A neighbor, whose son Herb had gone to school with, came over, and in her distress, at the loss of her son, pounded on Uncle Herb’s chest, (the wounded chest), saying, “Why? Why did you make it back but my son did not!?”

At the time, my father didn’t know the extent of his uncle’s wounds, and what amount of physical pain he must have felt, as well as emotional and mental anguish.  Herb never complained.  Instead, he chose to work and start his own business as a milkman, calling it Queen City Dairy.

He would work 12 to 16 hours a day, starting at 3:30 in the morning, picking up the milk at the farm or dairy plant.  My dad got to work with his uncle as a young man, doing deliveries, Uncle Herb, hearing my dad was struggling with multiplication tables, took it upon himself to drill him mercilessly, until he knew them frontwards and back.  At the time he was not particularly thankful, but of course, understands the love now.

Uncle Herb’s story was one of determination, never blaming others for the struggles and tough luck he had.  He was instead choosing to be thankful and pursued his dream to be successful.

Truth was, Uncle Herb was the kind of guy that everyone liked.  When he would speak with you, he would ask with clarity and sincerity, about how you were, and what was going on in your life.  You had his full attention.  So, as he made his way, he eventually bought a small local bowling alley, and then sold that, and bought about 10% of a 100 lane alley, eventually owning the business outright himself.  He had in fact become rich, a millionaire.  This man, who is left for dead on the battlefield, where all seemed lost, as his life ebbed away, this man who must have wondered, “Why me?”
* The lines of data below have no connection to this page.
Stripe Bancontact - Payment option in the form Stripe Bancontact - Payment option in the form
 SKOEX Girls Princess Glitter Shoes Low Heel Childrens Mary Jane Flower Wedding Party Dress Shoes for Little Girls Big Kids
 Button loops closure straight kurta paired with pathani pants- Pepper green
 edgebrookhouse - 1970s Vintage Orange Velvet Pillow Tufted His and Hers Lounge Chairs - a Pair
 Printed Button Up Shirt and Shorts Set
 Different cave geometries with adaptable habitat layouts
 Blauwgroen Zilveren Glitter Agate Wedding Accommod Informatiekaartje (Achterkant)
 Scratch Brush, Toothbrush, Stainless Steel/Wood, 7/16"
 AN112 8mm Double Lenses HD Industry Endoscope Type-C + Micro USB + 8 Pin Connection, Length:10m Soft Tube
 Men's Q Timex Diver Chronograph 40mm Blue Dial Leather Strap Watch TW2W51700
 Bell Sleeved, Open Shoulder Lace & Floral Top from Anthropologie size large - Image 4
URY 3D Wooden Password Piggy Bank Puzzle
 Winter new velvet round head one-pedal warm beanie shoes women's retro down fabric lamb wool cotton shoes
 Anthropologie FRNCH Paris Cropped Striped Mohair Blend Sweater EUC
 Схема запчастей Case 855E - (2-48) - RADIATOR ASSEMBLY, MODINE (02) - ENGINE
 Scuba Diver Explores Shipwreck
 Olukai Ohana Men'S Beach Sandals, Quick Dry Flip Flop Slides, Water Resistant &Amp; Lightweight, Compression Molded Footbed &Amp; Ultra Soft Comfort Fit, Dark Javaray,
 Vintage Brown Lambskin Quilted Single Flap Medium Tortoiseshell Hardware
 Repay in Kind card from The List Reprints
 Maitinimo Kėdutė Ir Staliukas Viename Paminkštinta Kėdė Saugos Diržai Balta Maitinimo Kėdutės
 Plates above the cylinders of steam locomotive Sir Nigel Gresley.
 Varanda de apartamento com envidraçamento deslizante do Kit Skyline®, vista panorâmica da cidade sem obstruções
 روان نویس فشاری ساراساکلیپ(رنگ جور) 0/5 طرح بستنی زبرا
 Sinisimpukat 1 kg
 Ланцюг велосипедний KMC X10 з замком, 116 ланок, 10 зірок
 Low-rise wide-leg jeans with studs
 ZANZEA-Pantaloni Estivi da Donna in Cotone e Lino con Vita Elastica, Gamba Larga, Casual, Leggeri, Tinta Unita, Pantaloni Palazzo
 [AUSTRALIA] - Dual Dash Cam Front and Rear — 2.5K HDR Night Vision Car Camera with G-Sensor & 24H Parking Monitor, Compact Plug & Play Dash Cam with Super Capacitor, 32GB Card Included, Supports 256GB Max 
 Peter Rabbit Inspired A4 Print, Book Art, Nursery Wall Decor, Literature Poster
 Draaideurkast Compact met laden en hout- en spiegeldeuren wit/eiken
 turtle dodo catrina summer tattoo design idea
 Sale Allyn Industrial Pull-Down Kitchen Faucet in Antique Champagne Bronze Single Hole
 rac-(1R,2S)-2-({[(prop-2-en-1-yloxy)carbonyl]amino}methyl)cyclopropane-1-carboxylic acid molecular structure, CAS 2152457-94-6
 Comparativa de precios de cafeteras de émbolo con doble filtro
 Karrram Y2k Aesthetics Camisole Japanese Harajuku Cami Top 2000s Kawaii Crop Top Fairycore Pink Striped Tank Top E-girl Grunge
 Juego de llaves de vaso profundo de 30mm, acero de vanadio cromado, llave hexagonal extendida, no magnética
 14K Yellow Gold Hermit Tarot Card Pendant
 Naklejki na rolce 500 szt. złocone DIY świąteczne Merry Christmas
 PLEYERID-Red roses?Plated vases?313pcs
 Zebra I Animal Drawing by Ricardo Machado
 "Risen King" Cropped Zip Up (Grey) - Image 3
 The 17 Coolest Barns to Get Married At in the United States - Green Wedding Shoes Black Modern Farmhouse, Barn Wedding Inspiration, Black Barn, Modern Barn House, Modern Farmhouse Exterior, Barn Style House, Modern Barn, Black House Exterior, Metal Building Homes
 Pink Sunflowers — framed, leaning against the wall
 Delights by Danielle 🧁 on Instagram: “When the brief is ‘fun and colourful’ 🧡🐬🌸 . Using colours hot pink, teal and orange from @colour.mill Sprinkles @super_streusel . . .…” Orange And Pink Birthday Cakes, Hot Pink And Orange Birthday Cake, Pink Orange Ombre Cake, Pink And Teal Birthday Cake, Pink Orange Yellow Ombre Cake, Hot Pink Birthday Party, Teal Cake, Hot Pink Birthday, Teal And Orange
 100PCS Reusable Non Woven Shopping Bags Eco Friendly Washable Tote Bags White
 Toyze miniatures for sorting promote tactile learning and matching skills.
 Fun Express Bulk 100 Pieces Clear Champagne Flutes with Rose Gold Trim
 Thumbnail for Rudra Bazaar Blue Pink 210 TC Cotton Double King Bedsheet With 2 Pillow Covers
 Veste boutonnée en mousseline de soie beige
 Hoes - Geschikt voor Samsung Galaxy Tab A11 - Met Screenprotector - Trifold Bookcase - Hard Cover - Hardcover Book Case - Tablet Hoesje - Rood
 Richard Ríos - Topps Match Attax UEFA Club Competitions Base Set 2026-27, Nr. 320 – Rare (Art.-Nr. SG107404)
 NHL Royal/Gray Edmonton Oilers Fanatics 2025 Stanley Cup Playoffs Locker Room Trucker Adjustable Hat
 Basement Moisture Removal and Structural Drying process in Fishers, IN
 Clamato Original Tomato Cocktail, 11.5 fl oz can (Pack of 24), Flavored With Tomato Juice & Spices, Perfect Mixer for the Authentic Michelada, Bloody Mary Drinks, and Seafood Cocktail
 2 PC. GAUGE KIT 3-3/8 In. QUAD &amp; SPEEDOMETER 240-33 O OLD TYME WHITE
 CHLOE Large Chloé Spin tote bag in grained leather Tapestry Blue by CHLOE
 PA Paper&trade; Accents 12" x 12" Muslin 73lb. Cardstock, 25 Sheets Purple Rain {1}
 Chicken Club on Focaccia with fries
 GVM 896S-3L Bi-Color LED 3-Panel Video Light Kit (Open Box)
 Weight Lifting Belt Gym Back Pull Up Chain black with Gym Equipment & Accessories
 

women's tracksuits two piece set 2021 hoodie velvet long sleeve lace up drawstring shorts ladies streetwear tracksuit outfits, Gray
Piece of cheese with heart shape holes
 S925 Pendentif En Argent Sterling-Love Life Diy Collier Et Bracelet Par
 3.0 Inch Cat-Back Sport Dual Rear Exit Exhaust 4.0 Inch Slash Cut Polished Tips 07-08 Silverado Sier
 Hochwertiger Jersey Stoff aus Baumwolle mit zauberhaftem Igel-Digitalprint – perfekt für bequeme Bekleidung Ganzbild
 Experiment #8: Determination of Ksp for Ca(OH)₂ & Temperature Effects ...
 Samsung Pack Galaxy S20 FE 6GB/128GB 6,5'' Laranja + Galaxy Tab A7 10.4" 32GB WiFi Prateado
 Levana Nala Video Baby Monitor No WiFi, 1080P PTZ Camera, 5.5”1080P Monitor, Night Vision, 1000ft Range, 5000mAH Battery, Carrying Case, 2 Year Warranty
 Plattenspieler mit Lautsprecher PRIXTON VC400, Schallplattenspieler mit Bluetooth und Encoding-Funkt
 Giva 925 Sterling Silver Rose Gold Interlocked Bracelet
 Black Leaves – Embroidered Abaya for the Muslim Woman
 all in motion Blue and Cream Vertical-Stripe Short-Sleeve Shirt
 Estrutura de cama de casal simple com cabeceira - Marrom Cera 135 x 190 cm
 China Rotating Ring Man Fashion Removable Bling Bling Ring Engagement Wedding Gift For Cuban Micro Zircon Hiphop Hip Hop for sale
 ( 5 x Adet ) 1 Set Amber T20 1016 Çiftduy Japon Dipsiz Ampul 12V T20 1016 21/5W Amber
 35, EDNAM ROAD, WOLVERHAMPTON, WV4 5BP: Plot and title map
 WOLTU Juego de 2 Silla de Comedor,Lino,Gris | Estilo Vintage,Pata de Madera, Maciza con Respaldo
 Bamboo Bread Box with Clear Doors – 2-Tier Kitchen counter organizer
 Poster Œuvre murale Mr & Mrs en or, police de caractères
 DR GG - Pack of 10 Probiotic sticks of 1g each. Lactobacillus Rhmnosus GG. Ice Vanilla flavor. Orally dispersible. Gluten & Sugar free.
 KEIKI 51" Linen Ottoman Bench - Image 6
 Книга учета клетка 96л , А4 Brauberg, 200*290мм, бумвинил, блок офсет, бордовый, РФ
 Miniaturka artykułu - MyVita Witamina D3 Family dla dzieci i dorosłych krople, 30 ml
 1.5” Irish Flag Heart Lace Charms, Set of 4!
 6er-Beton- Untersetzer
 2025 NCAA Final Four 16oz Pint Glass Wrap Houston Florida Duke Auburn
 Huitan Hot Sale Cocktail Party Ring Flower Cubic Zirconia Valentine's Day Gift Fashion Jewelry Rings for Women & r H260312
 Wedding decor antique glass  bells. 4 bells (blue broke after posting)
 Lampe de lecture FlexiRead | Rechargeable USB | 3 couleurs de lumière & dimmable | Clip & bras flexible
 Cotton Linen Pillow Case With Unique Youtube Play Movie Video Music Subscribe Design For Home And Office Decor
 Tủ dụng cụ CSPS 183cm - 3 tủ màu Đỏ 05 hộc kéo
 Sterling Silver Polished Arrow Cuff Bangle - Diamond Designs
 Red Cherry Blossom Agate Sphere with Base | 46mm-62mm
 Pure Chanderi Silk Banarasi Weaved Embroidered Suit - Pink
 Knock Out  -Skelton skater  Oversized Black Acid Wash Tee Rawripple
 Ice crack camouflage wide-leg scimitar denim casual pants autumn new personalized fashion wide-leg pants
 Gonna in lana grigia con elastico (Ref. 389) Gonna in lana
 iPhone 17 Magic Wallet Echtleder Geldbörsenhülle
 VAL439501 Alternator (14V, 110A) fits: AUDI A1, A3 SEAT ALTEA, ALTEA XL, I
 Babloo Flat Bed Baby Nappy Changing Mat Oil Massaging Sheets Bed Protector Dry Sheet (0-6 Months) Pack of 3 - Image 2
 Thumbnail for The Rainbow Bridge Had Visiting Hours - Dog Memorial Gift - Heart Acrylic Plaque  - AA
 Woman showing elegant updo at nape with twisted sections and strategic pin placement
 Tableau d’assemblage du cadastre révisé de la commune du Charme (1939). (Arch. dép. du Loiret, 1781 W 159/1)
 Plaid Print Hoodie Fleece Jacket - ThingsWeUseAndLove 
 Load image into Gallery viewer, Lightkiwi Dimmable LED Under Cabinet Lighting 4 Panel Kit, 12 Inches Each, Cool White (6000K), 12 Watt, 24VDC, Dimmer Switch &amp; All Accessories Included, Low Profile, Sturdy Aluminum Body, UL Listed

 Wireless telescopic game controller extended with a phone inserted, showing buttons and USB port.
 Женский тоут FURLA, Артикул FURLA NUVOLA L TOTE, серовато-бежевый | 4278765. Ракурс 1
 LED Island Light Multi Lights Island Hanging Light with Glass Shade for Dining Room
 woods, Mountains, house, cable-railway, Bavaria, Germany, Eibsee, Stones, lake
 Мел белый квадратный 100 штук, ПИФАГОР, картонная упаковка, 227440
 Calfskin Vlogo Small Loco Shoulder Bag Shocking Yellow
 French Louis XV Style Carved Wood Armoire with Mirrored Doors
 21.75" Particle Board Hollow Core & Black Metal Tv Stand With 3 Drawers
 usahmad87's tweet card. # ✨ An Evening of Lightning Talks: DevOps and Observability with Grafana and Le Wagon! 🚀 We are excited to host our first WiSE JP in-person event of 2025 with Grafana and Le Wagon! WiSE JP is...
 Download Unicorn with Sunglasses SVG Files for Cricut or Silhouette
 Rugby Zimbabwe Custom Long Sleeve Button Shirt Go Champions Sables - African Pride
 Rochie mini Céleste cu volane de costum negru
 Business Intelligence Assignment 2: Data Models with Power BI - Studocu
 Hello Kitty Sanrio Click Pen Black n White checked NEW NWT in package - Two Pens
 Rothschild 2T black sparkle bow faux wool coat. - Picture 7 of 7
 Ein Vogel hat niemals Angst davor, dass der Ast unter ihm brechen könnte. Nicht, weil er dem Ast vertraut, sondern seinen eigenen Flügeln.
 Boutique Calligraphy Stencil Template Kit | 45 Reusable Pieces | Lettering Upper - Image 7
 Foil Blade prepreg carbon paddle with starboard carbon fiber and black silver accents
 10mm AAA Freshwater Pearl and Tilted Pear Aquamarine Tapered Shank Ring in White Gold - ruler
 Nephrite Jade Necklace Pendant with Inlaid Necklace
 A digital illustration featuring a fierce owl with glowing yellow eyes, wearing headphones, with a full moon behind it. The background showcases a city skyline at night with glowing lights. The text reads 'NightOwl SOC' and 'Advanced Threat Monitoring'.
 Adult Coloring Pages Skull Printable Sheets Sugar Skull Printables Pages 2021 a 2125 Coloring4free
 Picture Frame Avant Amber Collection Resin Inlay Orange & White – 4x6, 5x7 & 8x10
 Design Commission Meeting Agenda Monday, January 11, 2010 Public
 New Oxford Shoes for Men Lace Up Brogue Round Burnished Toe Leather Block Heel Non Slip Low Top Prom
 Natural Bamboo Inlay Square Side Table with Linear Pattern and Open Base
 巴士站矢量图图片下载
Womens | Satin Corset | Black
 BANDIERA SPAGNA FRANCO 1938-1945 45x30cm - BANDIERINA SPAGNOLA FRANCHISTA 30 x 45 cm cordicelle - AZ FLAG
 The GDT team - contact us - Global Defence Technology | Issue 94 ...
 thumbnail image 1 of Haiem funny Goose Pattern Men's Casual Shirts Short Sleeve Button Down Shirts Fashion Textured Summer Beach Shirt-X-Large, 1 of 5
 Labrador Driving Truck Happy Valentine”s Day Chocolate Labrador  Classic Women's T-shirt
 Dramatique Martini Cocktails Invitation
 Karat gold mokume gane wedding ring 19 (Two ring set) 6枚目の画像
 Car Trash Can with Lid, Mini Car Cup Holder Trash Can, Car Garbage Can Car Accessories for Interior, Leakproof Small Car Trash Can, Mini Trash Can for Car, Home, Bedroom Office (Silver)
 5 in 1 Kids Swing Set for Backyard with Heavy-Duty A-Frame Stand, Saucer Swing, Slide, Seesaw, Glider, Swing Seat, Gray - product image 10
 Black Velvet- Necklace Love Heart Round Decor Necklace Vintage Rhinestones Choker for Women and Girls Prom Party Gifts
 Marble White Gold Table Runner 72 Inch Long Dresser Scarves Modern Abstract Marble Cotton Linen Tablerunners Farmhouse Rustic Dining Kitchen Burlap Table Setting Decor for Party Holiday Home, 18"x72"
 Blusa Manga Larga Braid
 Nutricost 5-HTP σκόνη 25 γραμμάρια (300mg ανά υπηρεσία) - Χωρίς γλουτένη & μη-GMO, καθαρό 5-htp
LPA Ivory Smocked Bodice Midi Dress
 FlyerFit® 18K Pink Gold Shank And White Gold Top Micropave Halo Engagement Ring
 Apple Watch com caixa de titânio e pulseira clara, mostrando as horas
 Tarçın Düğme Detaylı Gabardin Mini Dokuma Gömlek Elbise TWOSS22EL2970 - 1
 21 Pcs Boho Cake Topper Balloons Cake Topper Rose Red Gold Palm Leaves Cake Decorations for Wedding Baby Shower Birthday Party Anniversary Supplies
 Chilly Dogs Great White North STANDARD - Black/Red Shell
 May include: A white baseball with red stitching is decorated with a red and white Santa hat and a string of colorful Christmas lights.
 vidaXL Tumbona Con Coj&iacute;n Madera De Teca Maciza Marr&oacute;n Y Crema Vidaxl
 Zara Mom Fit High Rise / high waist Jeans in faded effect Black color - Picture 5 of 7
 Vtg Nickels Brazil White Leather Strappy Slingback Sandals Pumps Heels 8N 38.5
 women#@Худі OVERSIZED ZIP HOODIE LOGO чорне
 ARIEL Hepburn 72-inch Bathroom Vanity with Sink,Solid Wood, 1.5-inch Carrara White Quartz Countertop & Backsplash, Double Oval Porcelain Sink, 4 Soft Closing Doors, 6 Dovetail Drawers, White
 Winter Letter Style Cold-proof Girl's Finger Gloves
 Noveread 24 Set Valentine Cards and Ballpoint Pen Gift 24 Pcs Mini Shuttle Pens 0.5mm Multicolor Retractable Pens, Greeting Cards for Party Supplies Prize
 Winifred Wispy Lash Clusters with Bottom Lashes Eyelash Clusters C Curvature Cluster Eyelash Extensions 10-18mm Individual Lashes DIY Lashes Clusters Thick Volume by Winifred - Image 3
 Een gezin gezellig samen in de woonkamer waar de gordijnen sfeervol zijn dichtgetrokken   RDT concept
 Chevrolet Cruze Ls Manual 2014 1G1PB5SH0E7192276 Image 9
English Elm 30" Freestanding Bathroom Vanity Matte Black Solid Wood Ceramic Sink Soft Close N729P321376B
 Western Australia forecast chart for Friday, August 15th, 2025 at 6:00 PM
So, when all seems lost, or really, really bad, remember, that’s not all there is.

As an aside, years later, my dad’s Uncle Herb visited our house in Pendleton, when we were young, along with my grandfather.  As my grandfather played with his five grandkids, Uncle Herb, put his arms around his two nephews, looked at his older brother and said, “Now there is a truly rich man.”, meaning my grandad.  My granddad, while working his whole life, was not wealthy in the material world, but clearly had what Uncle Herb realized truly mattered.